Assignment 3
Observability and Serverless
Due Tuesday, February 27 at 11:59pm
Congratulations on finishing Assignment 2! You’ve now successfully deployed Yoctogram, now ready to serve the image-sharing needs of an arbitrary amount of users.
In Assignment 3, you’ll extend your existing Yoctogram deployment to add a Lambda function for image compression, as well as integrate with Datadog for observability.
Setting up
You’ll be building on your existing CDK code from Assignment 2. Keep the EC2 instance you used for Assignment 2, as well as the existing deployment you set up.
Pull starter code updates from the main
branch of the starter code repository and update the submodules:
git pull --rebase upstream main
git submodule update --remote
Observability using Datadog
Here, you will add some instrumentation to the Yoctogram backend API on ECS using Datadog.
Signing up for Datadog
The GitHub Student Developer Pack gives you free access to Datadog for up to to 2 years (ending when your student status expires).
Then, create a Datadog account through your GitHub student pack.
After logging into your Datadog console at https://us5.datadoghq.com, search for “API Keys” using the search bar on the top left. Create a new key (you can name it anything you would like). Note down the value of the API key, as you will need it shortly.
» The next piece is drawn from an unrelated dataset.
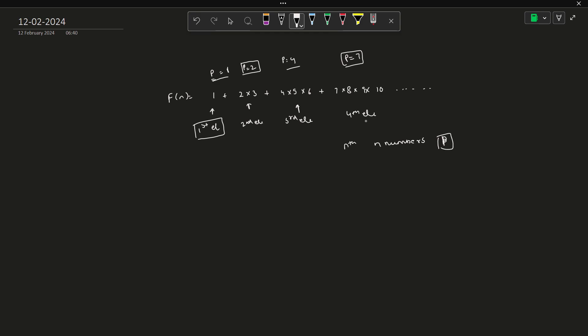So the value of p will keep on incrementing whenever you are going through the sequence. This p is always going to change and then you are going to consider the nth element, n elements for the nth number. So this is how you can particularly solve this problem.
Configuring Datadog with CDK
All code changes for this section will occur in compute_stack.py
.
First, add import json
and import Duration
from aws_cdk
to compute_stack.py
. Your imports should appear as:
import json # new
from aws_cdk import (
Stack,
Duration, # new
aws_cloudfront as cloudfront,
aws_cloudfront_origins as cloudfront_origins,
# Further imports here
Two-Step Deployment: Part 1
Now, add a new secret to the secrets manager to store the Datadog API key. You can do this the same way as we added the app_secret_key
.
Thus, you will need to deploy the secret first, edit the value to the actual Datadog API key, and then deploy the rest of the Datadog resources in a separate step.
Now, run cdk deploy yoctogram-compute-stack
.
Log into your AWS Console, and navigate to Secrets Manager. You should now see a new entry for the newly created secret.
Click on the new secret, scroll down, and click “Retrieve secret value”.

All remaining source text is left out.